I illustrate a merge between the AWS Console and the command output:

1.domain.com
_acme record created
10.domain.com
_acme record created
11.domain.com
_acme record created
12.domain.com
_acme record created
13.domain.com
_acme record created
14.domain.com
_acme record created
15.domain.com
_acme record created
> Resetting dropped connection: route53.amazonaws.com
2.domain.com
_acme record created
3.domain.com
_acme record created
4.domain.com
_acme record created
5.domain.com
_acme record created
6.domain.com
_acme record created
7.domain.com
_acme record created
8.domain.com
_acme record created
> Resetting dropped connection: route53.amazonaws.com
9.revoldev.com
_acme record created

Additionally after certbot finish to insert all the _acme records, this was the output of the command (full output attached in the file):

Resetting dropped connection: route53.amazonaws.com
Resetting dropped connection: route53.amazonaws.com
Waiting 10 seconds for DNS changes to propagate
Waiting for verification...
Resetting dropped connection: acme-staging-v02.api.letsencrypt.org
Cleaning up challenges
Resetting dropped connection: route53.amazonaws.com

IMPORTANT NOTES:
 - Congratulations! Your certificate and chain have been saved at:
   /etc/letsencrypt/live/cuextest/fullchain.pem
   Your key file has been saved at:
   /etc/letsencrypt/live/cuextest/privkey.pem
   Your cert will expire on 2019-02-11. To obtain a new or tweaked
   version of this certificate in the future, simply run certbot
   again. To non-interactively renew *all* of your certificates, run
   "certbot renew"

I find that the Resetting dropped connection: acme-staging-v02.api.letsencrypt.org could be interesting to notice, as well another Resetting dropped connection: route53.amazonaws.com after all acme records were inserted.

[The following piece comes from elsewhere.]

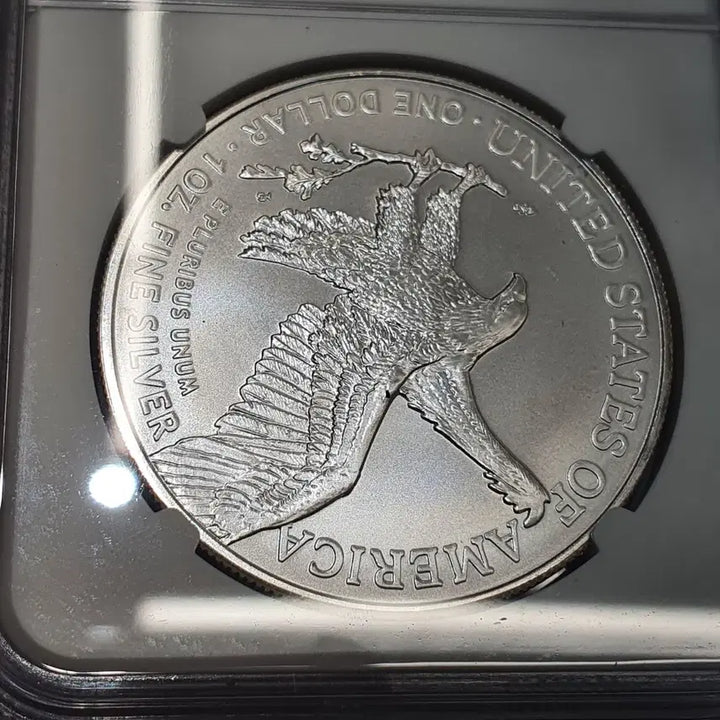 [BUNJANG] American Silver Eagle 2021 Silver Dollar NGC MS70 / 미국 1온스 은화 2021 실버 이글 NGC 70 실버바 은 달러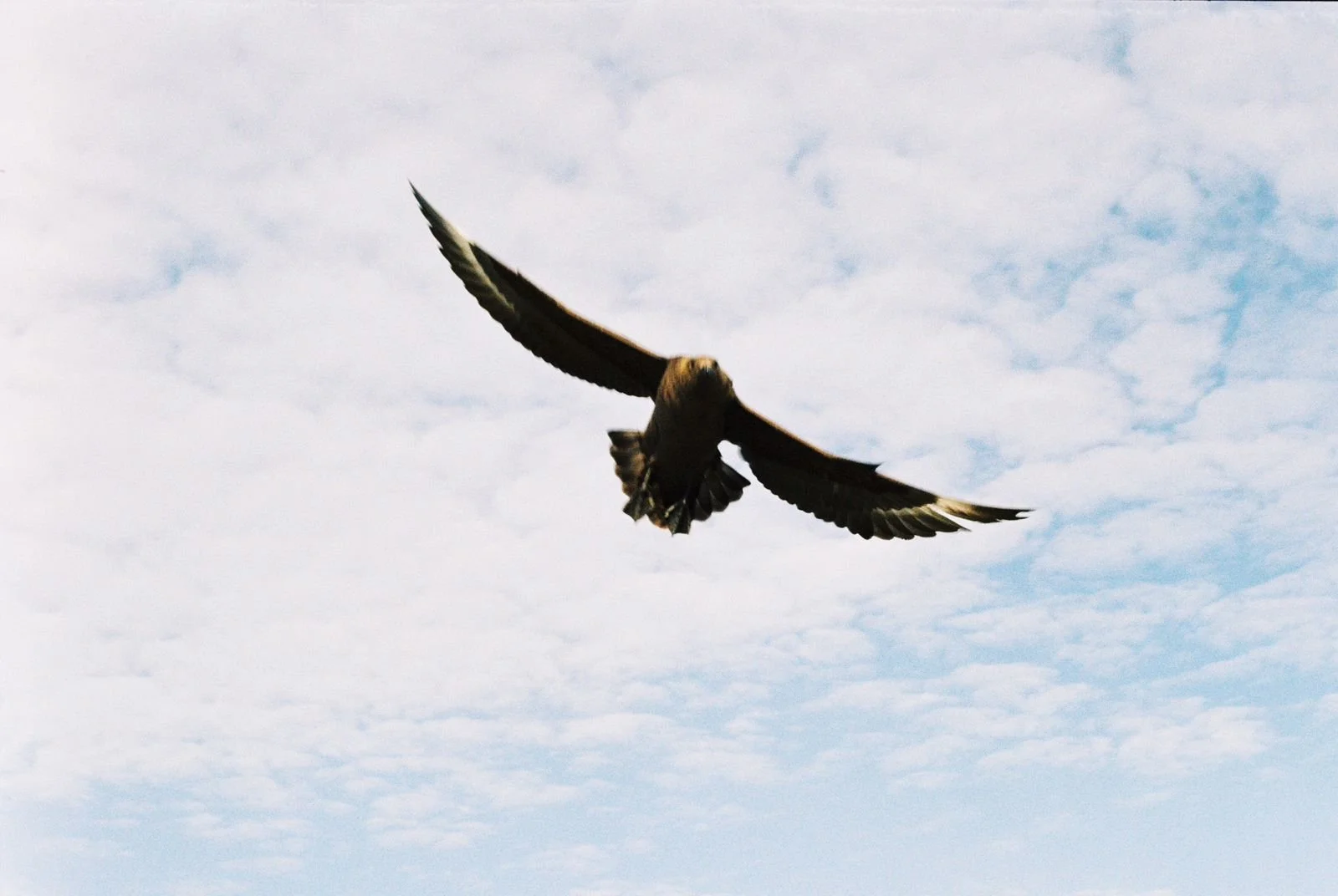 04B Skua (Luca).jpeg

The whole command took ~10 minutes to run, so we can say that each approximately 3 minutes is a Resetting dropped connection: route53.amazonaws.com.

I still keep the change propuse by @jsha from 120 to 1200 in the dns_route53.py code.

After all the certificate was created correctly.

Here a clean log file and command output from this test:
https://drive.google.com/open?id=15dAm8F3YyCgwColM6ZEe5CkLUehWh-cf

Our production app which is affected by this have an amount of 70 domains/subdomains in several hosted zones.

Following the result of the test, get a new certificate or renew it could take up to 46 minutes (10 minutes each 15 domains), the first time that I tried to get a certificate for our production app, certbot was running more than 60 minutes without result, then I opened a ticket in AWS and after a month of research a ticket here.

I will try to leave certbot running several hours to see if it can renew the certificate. But, if I am not confuse, the cron tab should did it, but the certificate is already near to expire and it was not renew.

Let’s me know if you have any question or need more information.


#20

I confirm that I was able to get a certificate in staging with 70 domains using the initial setup domains. It took 43 minutes, more or less as the expected.

I don’t know why, on our first deployment (using OpsWorks (Chef)) it was running more than one hour without success. Now, I run it manually in the console, and after several Resetting dropped connection: route53.amazonaws.com it works.

Actually it were 10 Resetting dropped connection: route53.amazonaws.com, for 70 records, 1 each 7 records, as expected. I am curious about why the exactitud on these measures.

I attach the log and command output:
https://drive.google.com/open?id=1azmhh0wv7ieU0kB1g8D4S4EcD3h56KIa

Now, I am trying to debug, if it works… why in production the cron job for auto-renewal is not renewing the certificate, now it is at 27 days of the expiration Expiry Date: 2018-12-11 10:43:30+00:00 (VALID: 27 days) and it should be auto renewal automatically (yes, cerbot renew is in the cronjob, it comes out of the box in Ubuntu but also I checked)

UPDATE
The renewal looks that was not working because we had a wrong renwal configuration, from a manual test, using webroot which because CloudFront and our setup (more info in first post), doesn’t work.